__ASSIGNMENT__. Begin the copy at the line containing "Jugadores de Ferencvárosi celebrando un gol" and end it at the final line of the material below, reproducing each line exactly, without images.

__MATERIAL PROVIDED__.
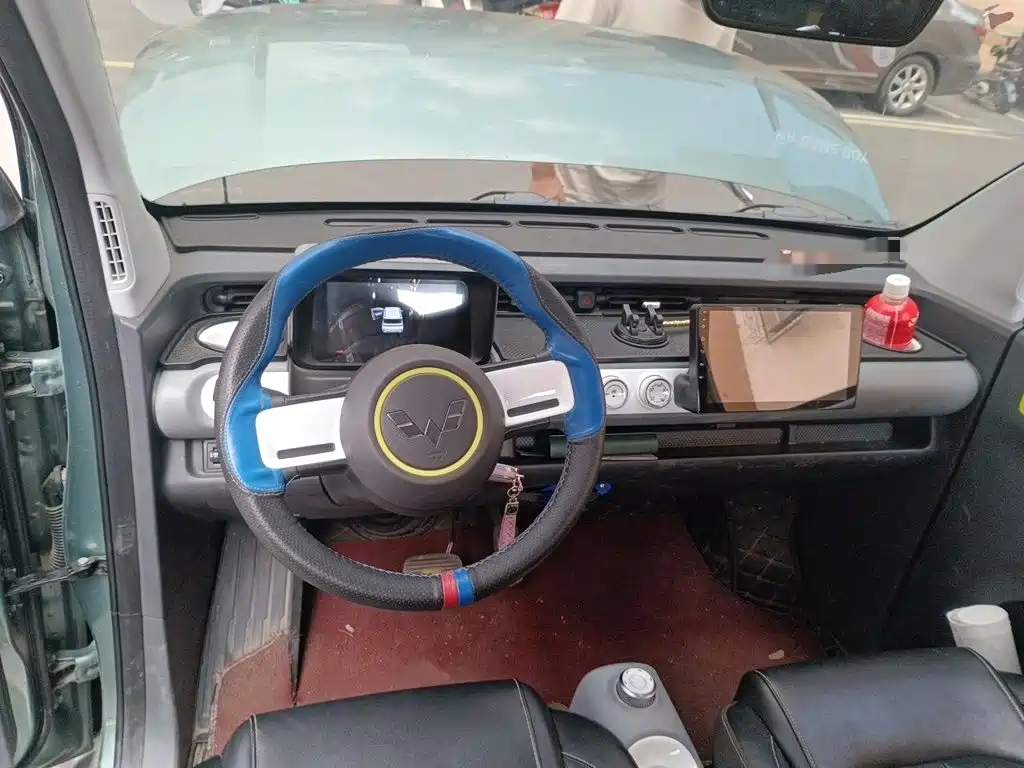 Wuling MINIEV — миниатюра 13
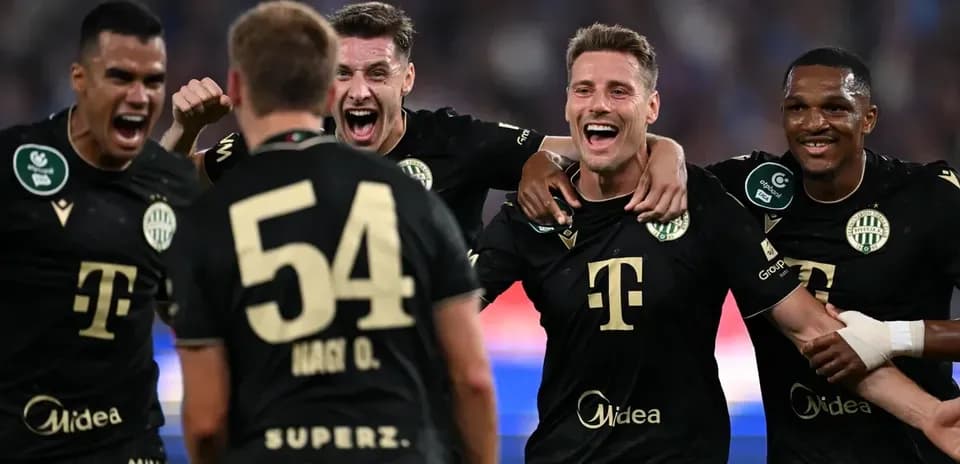 Jugadores de Ferencvárosi celebrando un gol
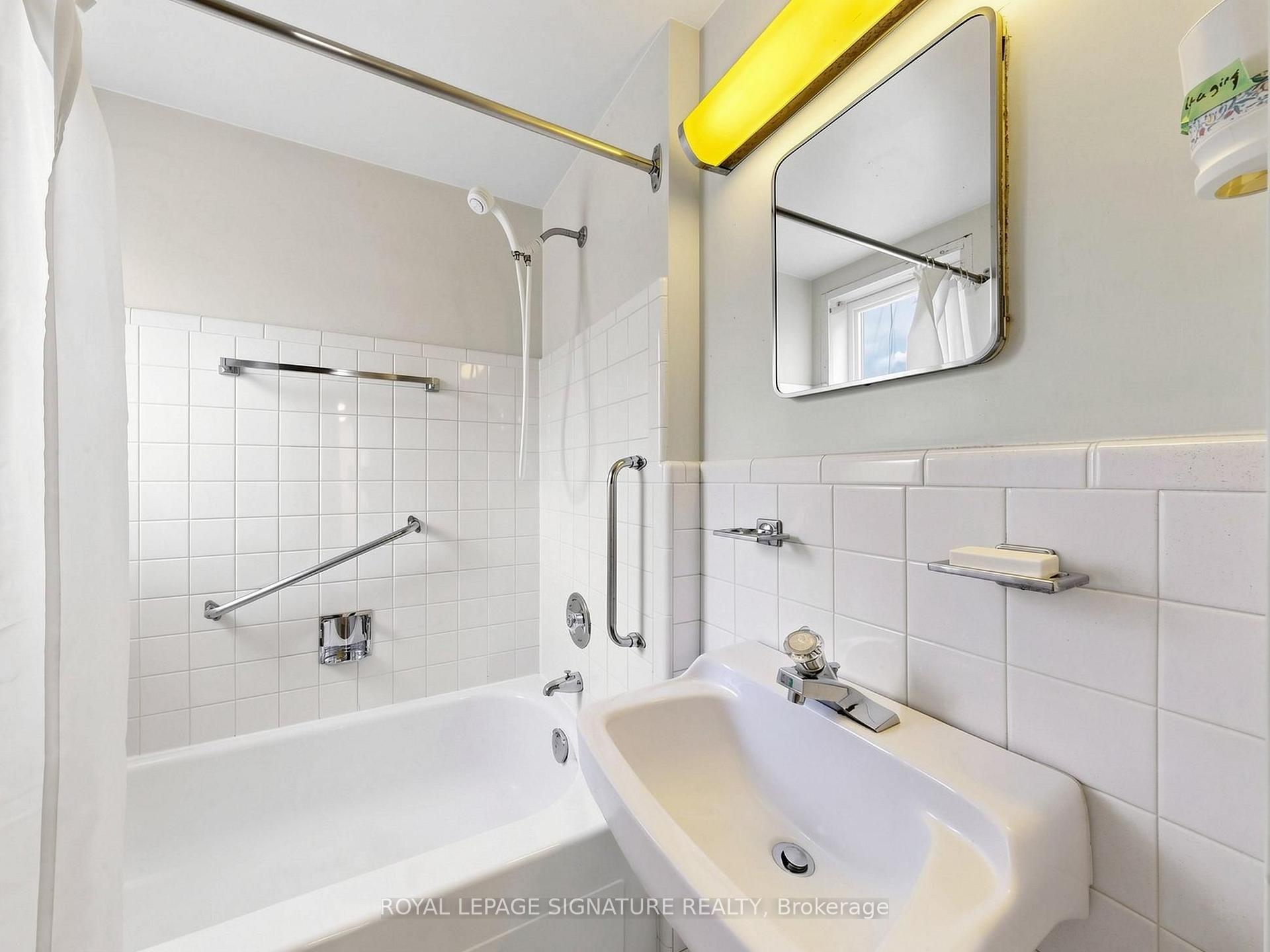Photo 32 of 8 Ternhill Crescent, North York, Banbury-Don Mills — HOMEH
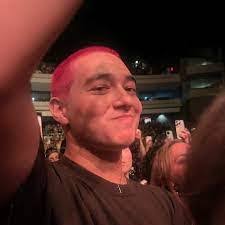 Brandon Bewley's Instagram, Twitter & Facebook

__WRITTEN ANSWER__.
 Jugadores de Ferencvárosi celebrando un gol
Photo 32 of 8 Ternhill Crescent, North York, Banbury-Don Mills — HOMEH
 Brandon Bewley's Instagram, Twitter & Facebook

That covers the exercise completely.